By Dan Gelston  // AP Sports Writer

ATLANTIC CITY, N.J. (AP) Kayla Harrison made an Army veteran tap out and moved closer to cashing in on the richest fight of her pro career: her search for gold over, Harrison can stake her claim to $1 million in the PFL (Professional Fighters League) Championship.

Harrison, a two-time judo Olympic gold medalist, has been the face of the MMA promotion that pushes playoffs and a championship format that ends Dec. 31 in New York with a $1 million prize for each of its six weight class champions.

Harrison (5-0) expects to ring in the New Year a champion, and a submission win over Morgan Frier on Thursday night helped clinch the No. 2 seed in the women’s lightweight division. Sarah Kaufman, a former UFC fighter, holds the top spot in the points standings and could be on course for a championship fight against Harrison.

“It’s going to be the PFL’s dream,” Harrison yelled inside the cage, “and I’m going to be a millionaire!”

The PFL held the first of three straight regular-season cards at Ovation Hall (inside Ocean Casino Resort) that would set the playoff field for three fight nights in October in Las Vegas. The top eight fighters in the five men’s divisions have to win two bouts in one night to earn a berth in the finals.

Launched last season out of the ashes of World Series of Fighting, the PFL entered a second season with the championship bouts set to run this year at the Hulu Theatre in Madison Square Garden on ESPN2. PFL, which counts comedian Kevin Hart among its celebrity investors, reached a multi-year deal with the network to air fights on ESPN and the streaming ESPN-plus service‚ the same TV home as industry leader UFC.

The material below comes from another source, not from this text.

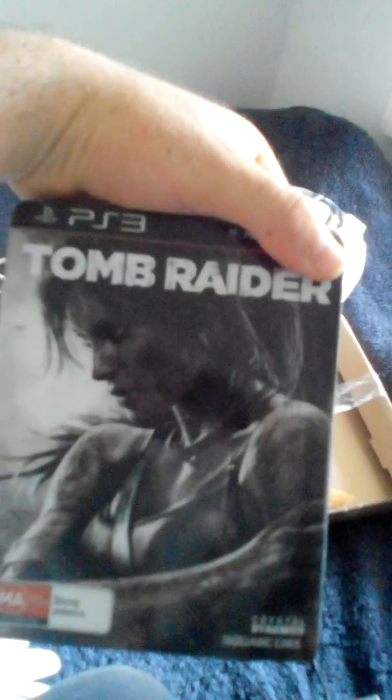I got Tomb Raider number one. I got a whole series of Tomb Raider. Tomb Raider number one and number two now. So what else is going to pop out, number three?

The 29-year-old Harrison was the main attraction of an eight-fight card (Kaufman was a walkover winner) that had early bouts run on ESPN-plus and four fights in primetime on ESPN2.

Still very raw in the cage, PFL has built a 155-pound division around Harrison. No U.S. judoka‚ male or female‚ had ever won an Olympic gold medal before Harrison beat Britain’s Gemma Gibbons to win the women’s 78-kilogram and under division at the 2012 Olympics in London. She won gold again four years later at the Rio de Janeiro Games and made her MMA debut last year.

All Harrison cares about is the next fight, and some big bucks in her pocket to go with the gold around her neck.